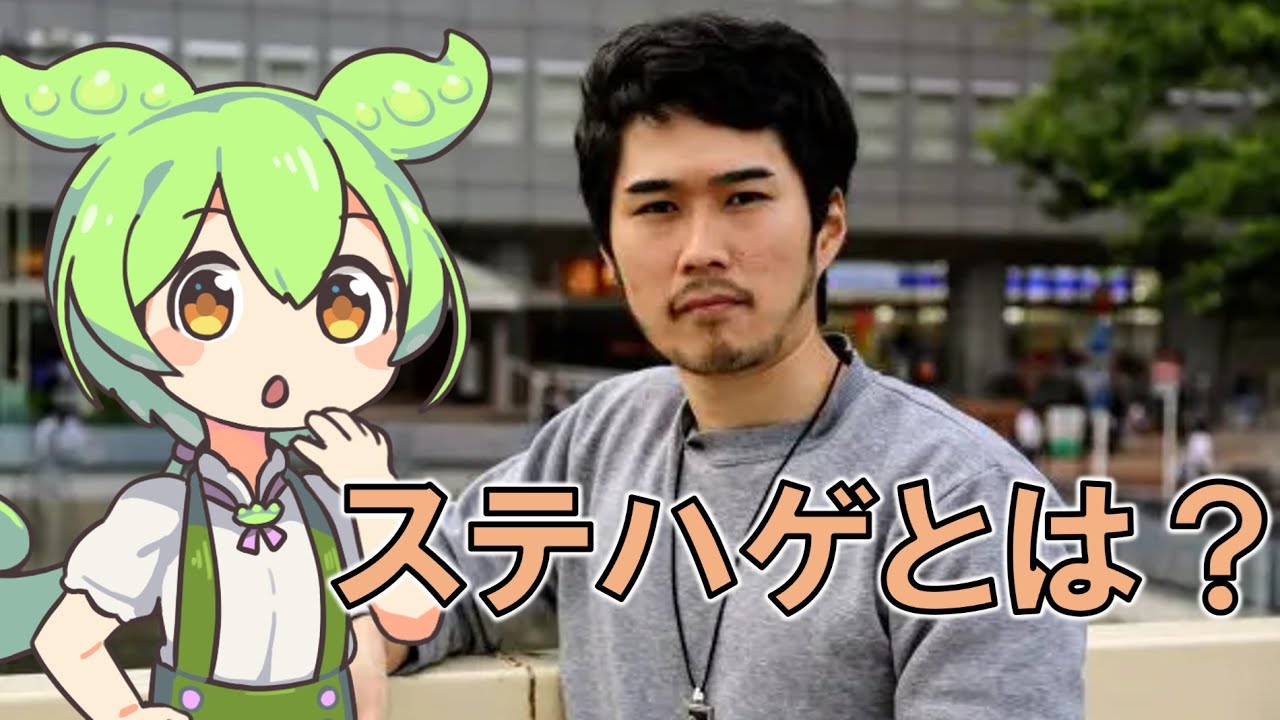 ずんだもんと学ぶ『ステハゲ』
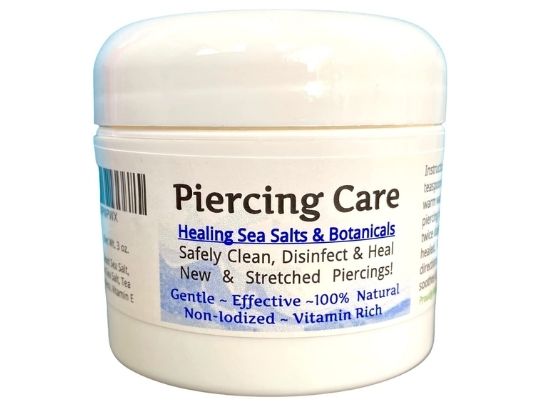 Urban ReLeaf Piercing Care Healing Sea Salts Soap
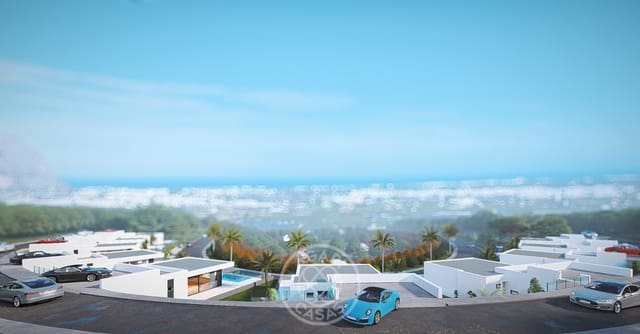 3 chambre Villa/Maison à vendre à Pedreguer avec piscine garage - 529 000 € (Ref: 9024824)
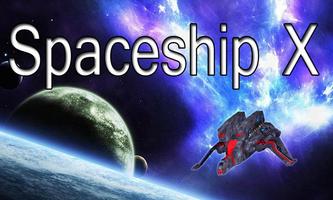 Spaceship X Affiche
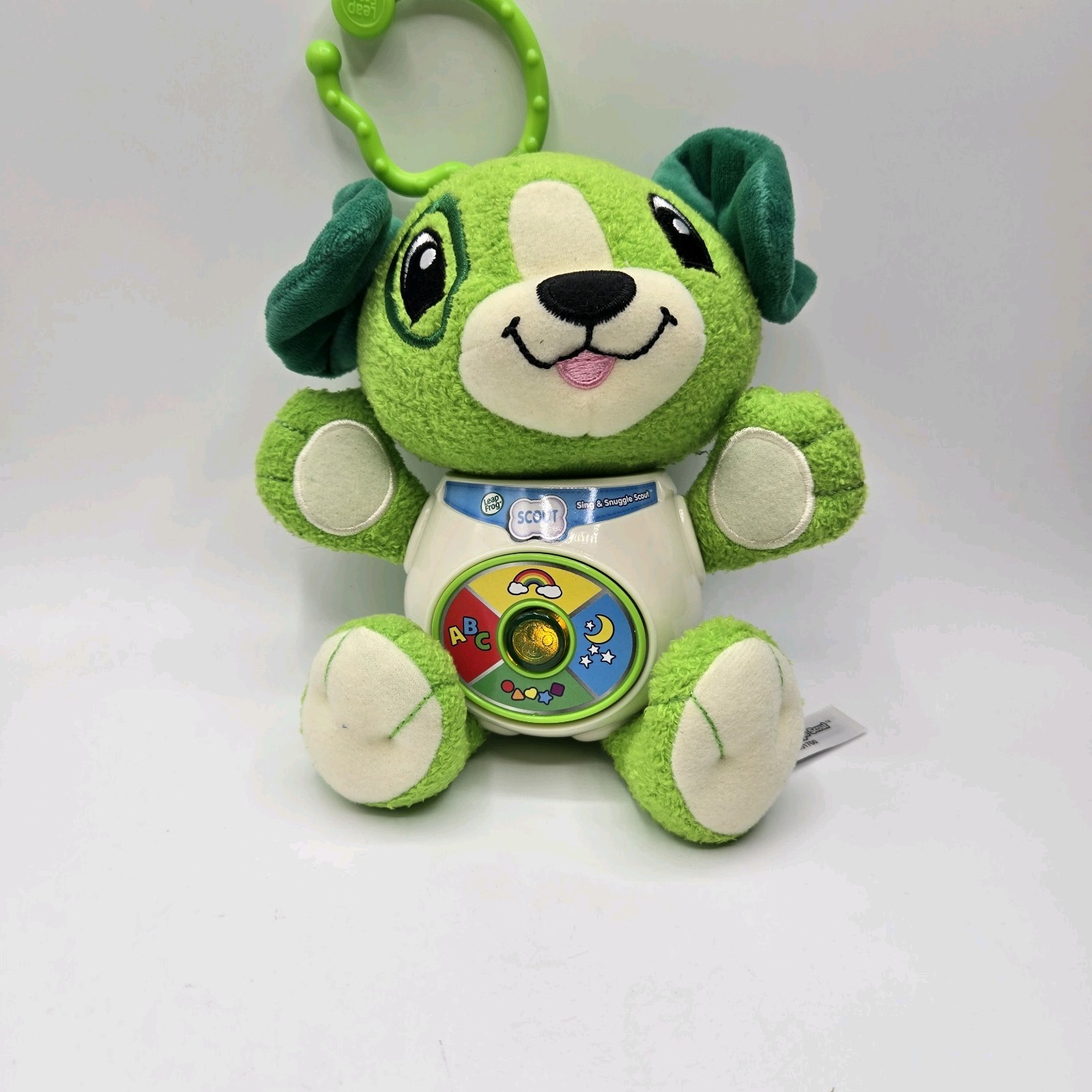 Leap Frog Interactive Puppy Sing & Snuggle Scout 8″ Musical Light Up Toy Works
################
> [Description of the task]: Retype exactly the lines from the one containing "Spaceship X Affiche" through the last line of the records above, both included, and leave out any pictures.

> [Result below]:
 Spaceship X Affiche
 Leap Frog Interactive Puppy Sing & Snuggle Scout 8″ Musical Light Up Toy Works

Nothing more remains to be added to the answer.